Facebook to file for IPO next month (rumor)

We still don't know when Facebook will file for its initial public offering (IPO). A recent rumor suggests, however, that it could happen as soon as next month.
Written by Emil Protalinski, Contributor

Facebook may be getting ready to file for its initial public offering (IPO) before the end of the year. That's the rumor reportedly going around amongst employees of the social networking giant.

A source close to Facebook employees told Business Insider that "a Facebook S1 filing is coming really soon. Possibly as soon as next month. The IPO talk inside Facebook has ramped up the past 6 weeks and Zuck repeatedly has said that it is 'coming,' which he *never* said in the history of Facebook."

Another source close to the IPO process says Facebook has not yet even decided which banks will underwrite the offering. That has to happen before the S1 filing gets written and published.

Facebook co-founder and CEO Mark Zuckerberg has frequently stated, both publicly and privately, that he is against the idea of rushing the company into an IPO. Even earlier this month, Zuckerberg said there is still no expected timeframe for his company's IPO. Most expect the company to go public next year, possibly as soon as Q1 2012 (conflicting rumors argue there will be a delay).

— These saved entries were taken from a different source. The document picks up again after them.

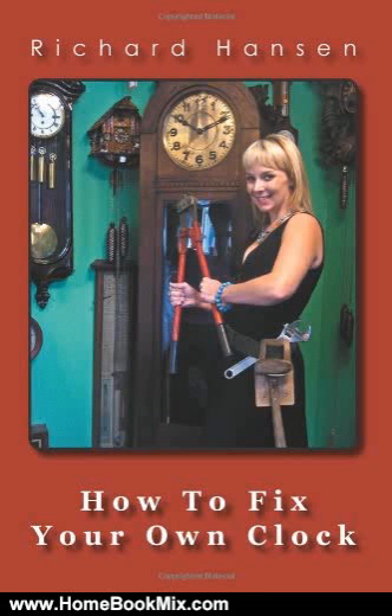This is the summary of How to Fix Your Own Clock by Richard Hansen. How to Fix Your Own Clock gives simple answers to basic minor problems that can be easily corrected by most clock owners.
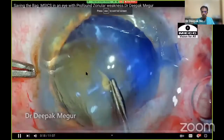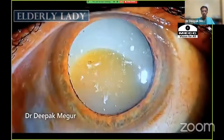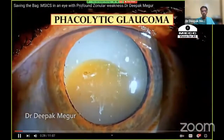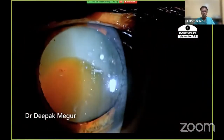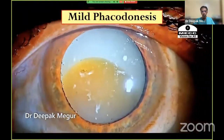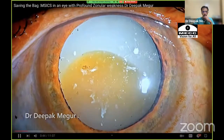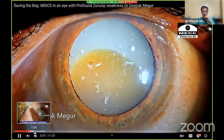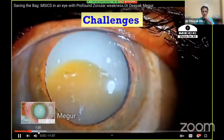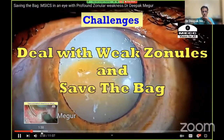In today's case, let's find out whether we can save the bag in this eye with extreme zonular weakness. This is an elderly lady with long-standing hypermature Morgagnian cataract with phacolytic glaucoma. Pressures are controlled and she's come for surgery. The capsule shows multiple areas of calcific spots. There is mild phacodonesis, and the hard Morgagnian small nucleus has settled down, surrounded by a pool of liquid cortex. I expect profound zonular weakness, and the challenge will be dealing with these weak zonules and whether we can save the bag.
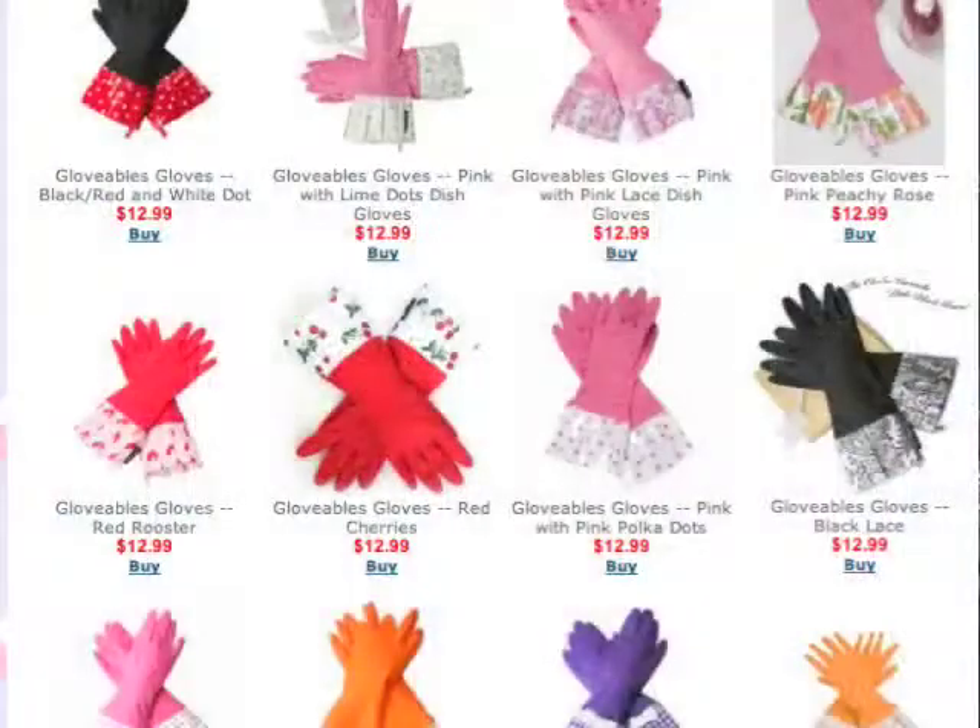I thought that was the only choice we had, but that's not right! There are Glovables. Glovables. And if you guys have not heard about these, I've been living under a rock somewhere. These are terrific. Glovables were created to combine function with fashion, and I love that. Function with fashion. That is fabulous. They are wonderful.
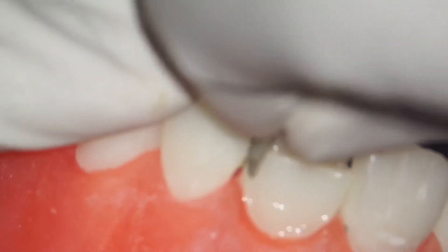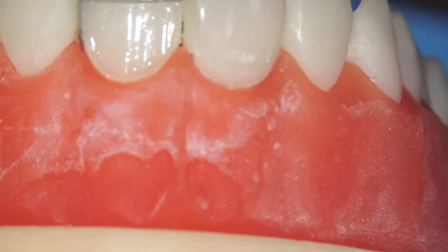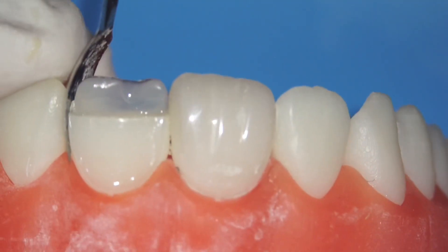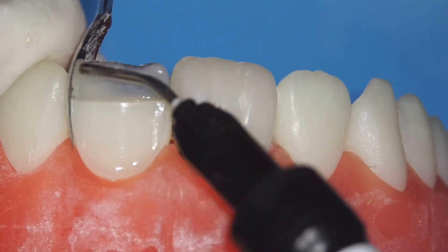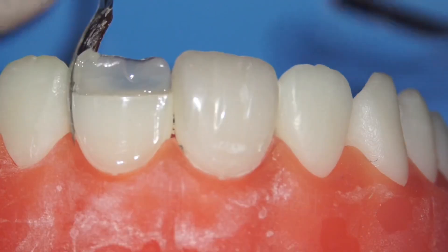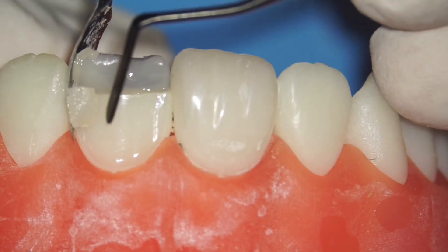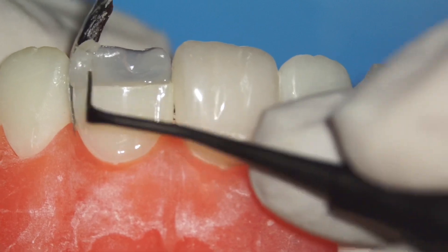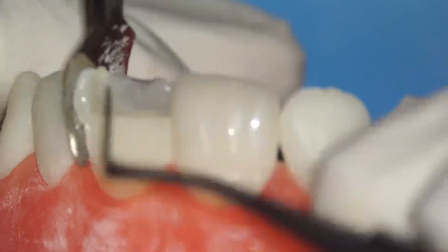For the proximal wall I usually use a metallic matrix — this is a spoon matrix. I do one wall at a time. In this case you can see my palatal wall was slightly deficient, so I'm adding a bit of flowable and then packable composite. The wall shouldn't be more than 1 mm thick; if it's too thick the shape will be off — I'm going to use just about 0.5 mm.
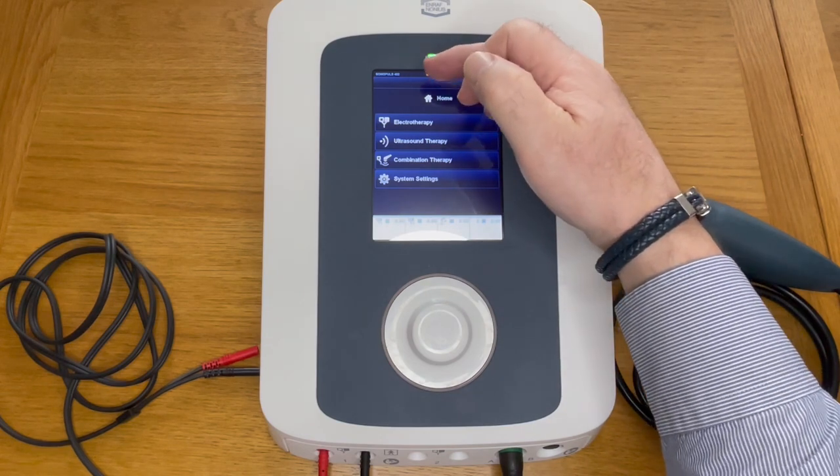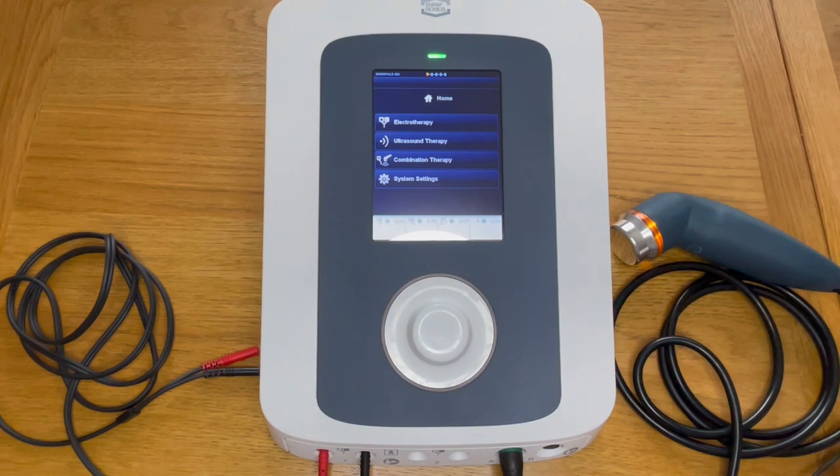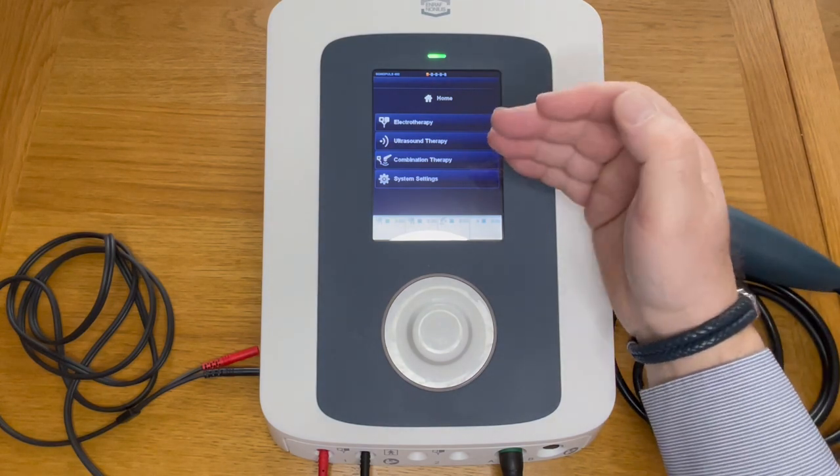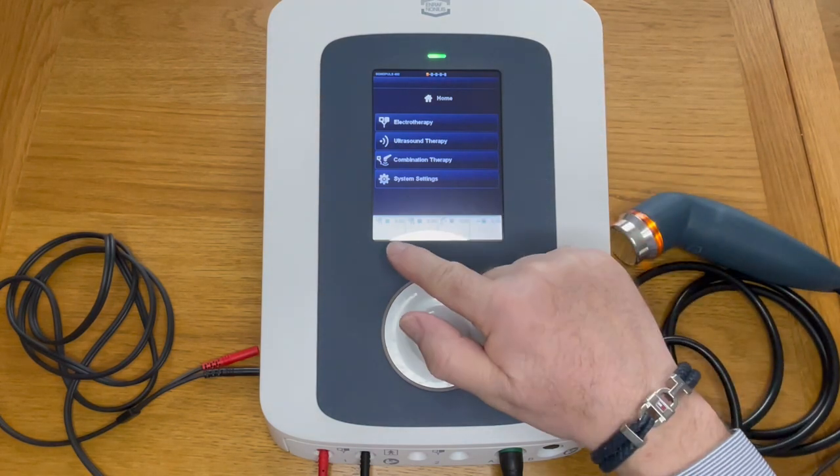On the display you can see we've got a home screen. At the top of the home screen we've got little key bars that will tell you how far you're into the menu and how far you are into each section.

In December 2010, Facebook announced that it had raised $1.5 billion at a valuation of approximately $50 billion, but that it had no immediate plans for the funds and would simply continue to build and expand its operations. The transaction consisted of two parts: in January 2011, Goldman Sachs completed an oversubscribed offering to its non-US clients in a fund that invested $1 billion in Facebook Class A common stock, while in December 2010, Digital Sky Technologies, The Goldman Sachs Group, and funds managed by Goldman Sachs, invested $500 million in Facebook Class A common stock at the same valuation.

Facebook's valuation has been all over the place in the months following the investment at $50 billion. Investments have been made valuing the company at $70 billion while sales on secondary markets have priced it at $80 billion. Some look at the growth and see great prospects. Others see a dip in the last few months and think Facebook is doomed. The truth is we can only make predictions on the little data we have, and the rumors are going to just keep coming.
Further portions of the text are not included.